Zoals dat meestal het geval is blijkt de waarheid niet zo helder als de hypotheses vaak suggereren. De data suggereert dat risicogedrag niet monolithisch is. De variatie tussen ondernemers en niet-ondernemers is sterk afhankelijk van het type risico. Niet-ondernemers vertoonden een hogere tolerantie tegenover recreationele, sociale en gezondheidsgerelateerde risico’s, terwijl ondernemers hoger scoorden op carrière- en financiële risico’s. Het lijkt er dus op dat ondernemers eerder bereid zijn financiële risico’s te nemen maar dat ze terughoudend zijn als het erom gaat hun sociale status of gezondheid in gevaar te brengen. Bovendien toonde de data aan, en dat in tegenstelling met de bestaande literatuur, dat ondernemers niet meer gematigd roldoorbrekend gedrag vertoonden tijdens hun adolescentie dan niet-ondernemers.
Eén verklaring voor deze onverwachte resultaten zou kunnen zijn dat eerdere studies vertekend werden door een sociale wenselijkheidsbias. Ten tweede was de schaal die werd gebruikt in onze studie gebaseerd op eerdere studies in de Verenigde Staten, en het zou kunnen dat de culturele verschillen tussen de Verenigde Staten en België deze particuliere meetschaal voor roldoorbrekend gedrag ongepast maakte in de context van de Belgische cultuur. Zo worden bier- en cannabisconsumptie bijvoorbeeld als min of meer ernstige strafrechtelijke delicten beschouwd in de Amerikaanse normen terwijl de Belgische maatschappij hier meer tolerantie voor vertoont.

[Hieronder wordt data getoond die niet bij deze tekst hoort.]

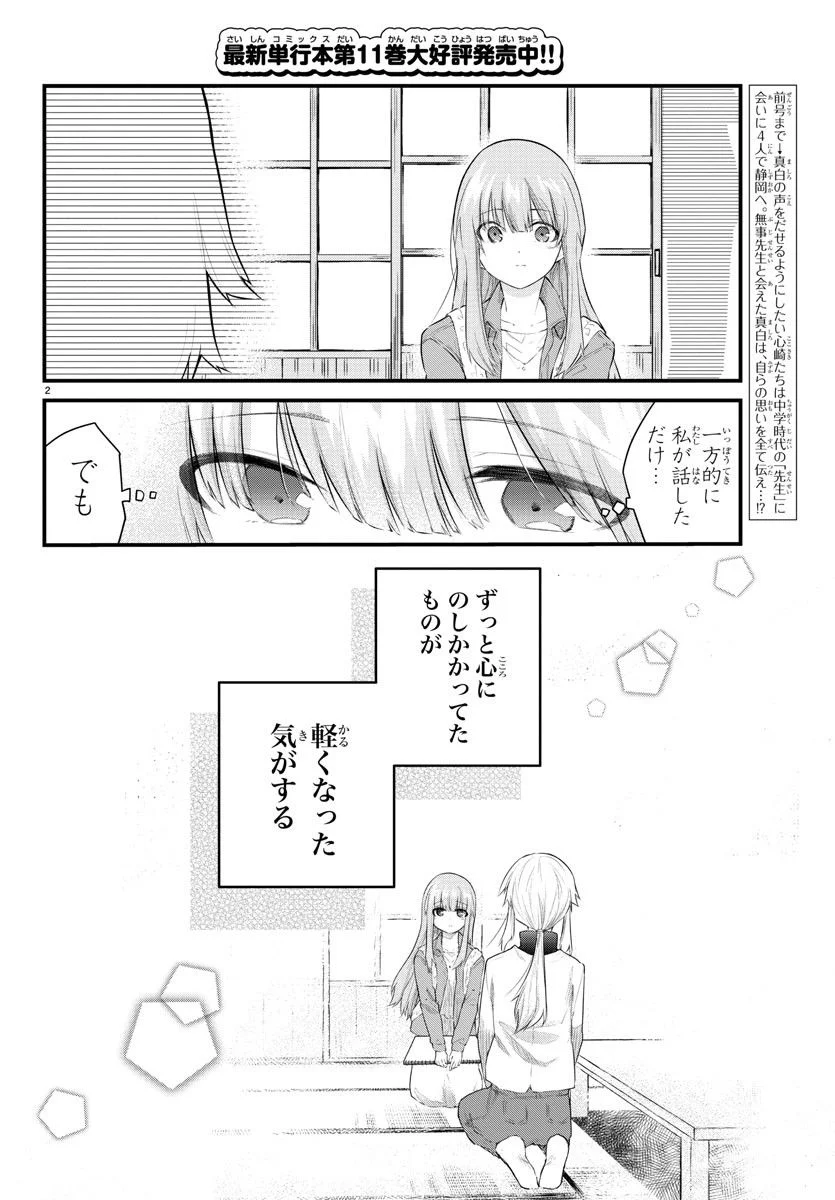 声がだせない少女は「彼女が優しすぎる」と思っている - 第171話 - Page 2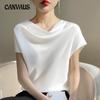 Summer Women's T-shirt Silk Satin Short Temperament T-shirt Simple Short-sleeved Plus Size Tops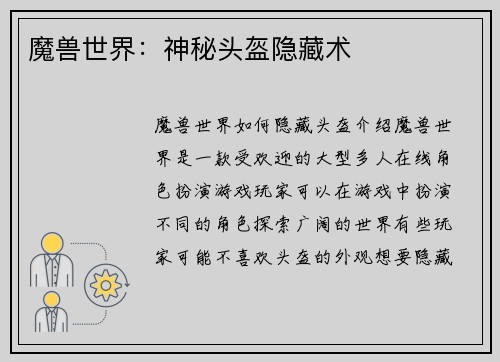 魔兽世界：神秘头盔隐藏术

Tenslotte suggereert de data het bestaan van sector-conditionering. De online service-sector vindt zichzelf voortdurend opnieuw uit, innovatieve technologische ontwikkelingen zijn een constante en het internet trekt op dagelijkse basis nieuwe concurrenten aan met nieuwe ideeën. Al deze externe druk kan betekenen dat als een startup succesvol wilt zijn, deze geleid moet worden door individuen die niet bang zijn om de bestaande grenzen te verleggen. Startups die actief zijn in de online service-sector zouden dan ook niet enkel ondernemers maar ook werknemers die roldoorbrekend gedrag vertonen aantrekken.
Een laatste interessante bevinding is de intermediërende rol die wordt gespeeld door de perceptie van geld. Deelnemers aan het loterijspel merkten op dat hun beslissingen werden beïnvloed door hoeveel waarde ze aan geld hechten, eerder dan door hun eigen risicotolerantie. Dit betekent dat iemand die in een financieel achtergesteld gezin werd opgevoed een meer conservatieve houding tegenover financieel risicogedrag zou kunnen ontwikkelen, zonder dat dit enige impact heeft op zijn of haar algemene risicotolerantie.
Waarom is dit belangrijk? Beleidsmakers benadrukken het belang van het promoten en stimuleren van ondernemingszin bij jongeren om de volgende golf van ondernemers te ontwikkelen. De educatieve uitdaging is verbinding te maken met tieners zonder hun natuurlijke zin voor risicogedrag te ontmoedigen.